Sample Size and Historical Inference: When Small Data Meets Big Questions

gray asphalt road between green trees under white sky during daytime

9 min read

Every quantitative estimate from limited historical data must be accompanied by an explicit measure of uncertainty, because a point estimate without a confidence interval is essentially meaningless.

Bayesian methods provide a principled framework for combining prior knowledge with sparse new evidence, producing posterior estimates that reflect both what we already know and what the data reveal.

Sensitivity analysis and power calculations are essential for determining whether conclusions are robust or whether individual observations and assumptions are driving the results.

The failure to conduct power analysis leads to a dangerous conflation of insufficient evidence with evidence of no effect, violating the distinction between absence of evidence and evidence of absence.

The highest standard in quantitative history is not extracting conclusions from any dataset, but knowing when the evidence genuinely cannot support the question being asked.

Historical quantitative analysis confronts a fundamental asymmetry: our questions are vast, but our data are often vanishingly small. We want to know how medieval wages responded to plague mortality, how Roman trade networks shaped provincial growth, or how early modern fertility varied by social class. Yet the surviving records—a handful of manorial accounts, a fragmentary tax roll, a parish register with decades of missing entries—can seem laughably thin relative to the populations and processes they are meant to illuminate.

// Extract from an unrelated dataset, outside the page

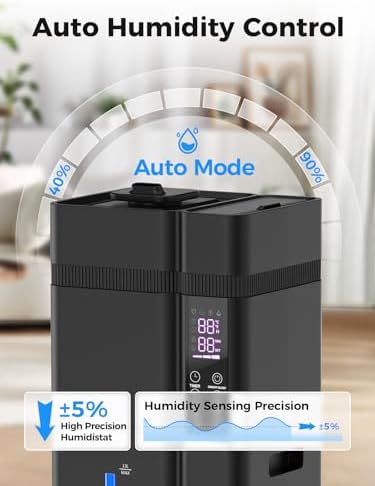 13L/3.43Gal Humidifier Large Room, 800ft² Coverage, 100H Runtime, Auto Humidity Control, Top Fill, Humidifiers for Bedroom, 35dB Quiet, Sleep Mode, Aroma Diffuser, 24H Timer, Auto Shut-off Protection - Image 4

The temptation in such situations runs in two opposite directions. One is to treat small datasets as though they were large ones, computing means and running regressions without acknowledging the enormous uncertainty that surrounds every estimate. The other is to throw up one's hands entirely, declaring that quantitative analysis is simply impossible when the evidence is sparse. Both responses are methodologically lazy. Between false precision and wholesale abandonment lies a rigorous middle ground—one that demands we take uncertainty seriously, make our assumptions explicit, and distinguish clearly between what our data can and cannot tell us.

This article examines three pillars of that middle ground. First, how we quantify and communicate uncertainty when working with limited historical evidence. Second, how Bayesian methods allow us to combine prior knowledge with sparse data in a principled way. Third, how we recognize the genuine limits of inference—the point at which honesty requires us to say we do not know. Each of these is a methodological skill, but also a habit of intellectual discipline that separates productive quantitative history from numerical storytelling.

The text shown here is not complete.